As part of the Wiki Experiences 2 (WE2) “Encyclopedic content” objective from the annual plan, the WE2.1 key result is intended to support organizers, contributors, and institutions to increase the coverage of quality content in key topic areas. Organizations such as the Healthcare Translation Task Force, amongst others, have increased outputs thanks to Content Translation. Indeed, Content Translation is used in campaigns, wikiprojects, and University Courses and similar collaborative settings. Historically, the main focus has been to support translation needs of individuals; the goal of this project is to more thoroughly investigate the specific needs of groups, which through their size and collaborative efforts can have big impacts on closing knowledge gaps.

Background & Goals

edit

The Language and Product Localization (LPL) Team plan to expand the capabilities of Content Translation to empower communities to define and translate content to cover specific knowledge gaps. Thus, they are currently working on expanding capabilities associated with suggestions and lists for translations. We know that often individuals will join forces through group activities such as WikiProjects (e.g., Healthcare Translation Task Force), campaigns, competitions, and edit-a-thons, for which there is a common shared goal to reduce certain knowledge gaps. Unlike individual translators, these groups may coordinate and track efforts in their pursuit of shared goals. As such, there is an opportunity to learn how groups select and track work around translation activities because of product opportunities to better support these organizing activities.

Research questions

edit

(Organizers) Motivation, activities and processes: How do groups of individuals select areas of work and focus, especially in regard to identifying, shaping (and potentially tracking) others’ translation activities?

  • What are their goals?
  • What does the process of organizing (i.e., identifying, organizing, tracking, etc) translation efforts look like? How do they select areas of work and generate work lists? How do they identify gaps?
  • What, if any, activities do they engage in with regard to monitoring progress and/or quality of work?
  • What strategies and workflows have organizers developed?
  • How do organizer needs vary based on the nature of the event - a project, campaign, competition or edit-a-thon? In-person vs online?
  • What gaps and pain points exist in these workflows, and where are there opportunities to better support the organizing work?
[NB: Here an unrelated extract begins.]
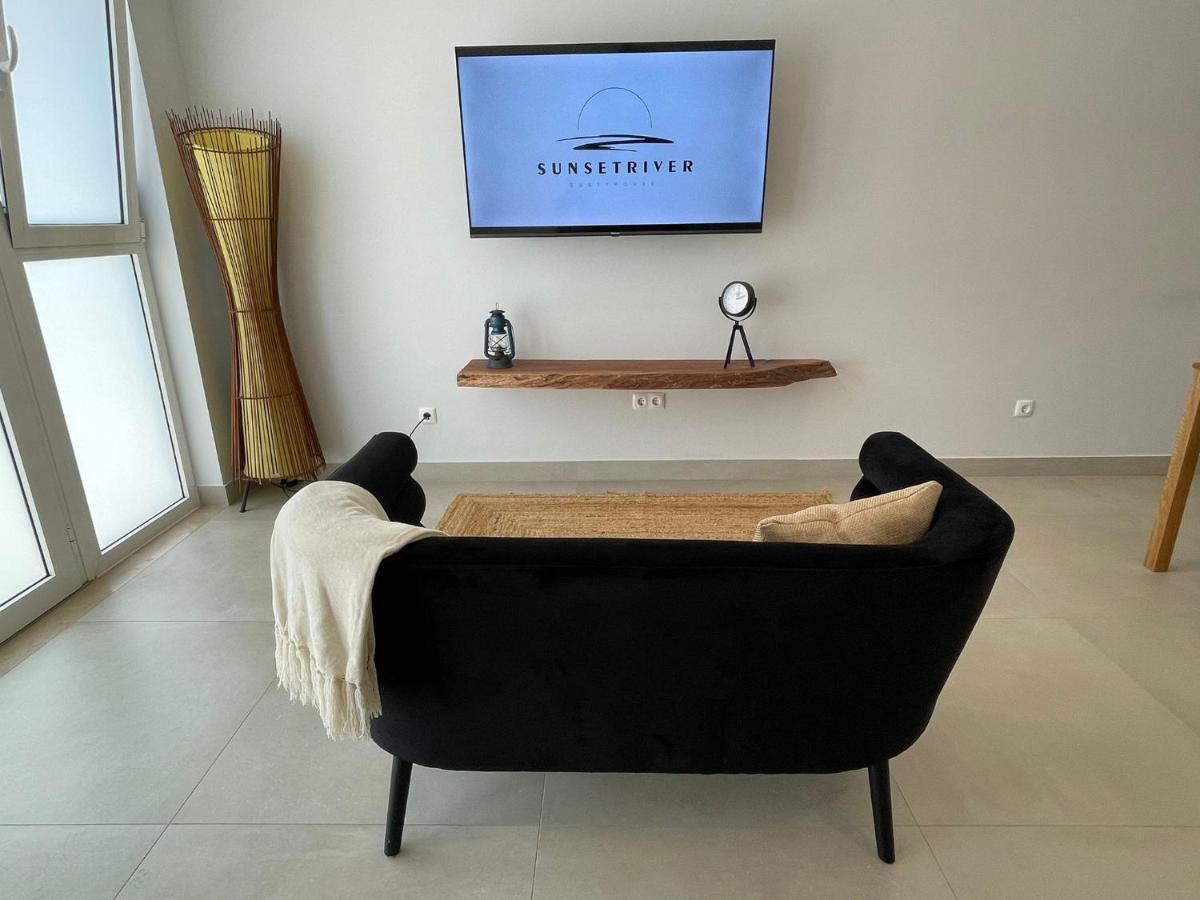 Sunsetriver Studio ปอร์ติเมา ภายนอก รูปภาพ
(Organizers) Tools and collaboration:

  • What tools (for organizing as well as translating) do they use, and to what extent do these tools meet and serve their purpose?
  • What are their views on the role of AI/machine translation in contexts like this? Where do they see the limits of AI in their own work? I.e., for what parts of their own work is AI still "not good enough" for?
  • What is their awareness and usage of Content Translation? What purpose does it serve and what are the tool’s limitations?
  • Regarding quality of translations and editing outputs, do organizers prefer to oversee such aspects or leave them to usual community processes? Why?
  • What, if any, external supports are organizers using and why?
  • To what degree is bringing in newcomers prioritized? How so?
  • What tools and guidance are needed for these individuals to contribute content that is perceived as high quality and valuable by the Wikipedia community?

(Non-organizer group participants): Motivations and interests: In addition to the perspective of organizers, why and how do group participants engage in these processes?

  • What motivates these individuals to participate in a group/collaborative setting (compared to engaging in individual work alone)?
  • What else do they do online that "looks like" what they're doing in the collaboration? Where did that interest come from? What is their educational history and status?
  • What is their awareness of Wikipedia? What did they learn about it through participation in a collaboration?
  • Are there any barriers to contributing to Wikipedia or participating in these collaborative activities that stopped them from joining earlier?
  • What are their views on the role of AI/machine translation in contexts like this? Where do they see the limits of AI in their own work? I.e., for what parts of their own work is AI still "not good enough" for?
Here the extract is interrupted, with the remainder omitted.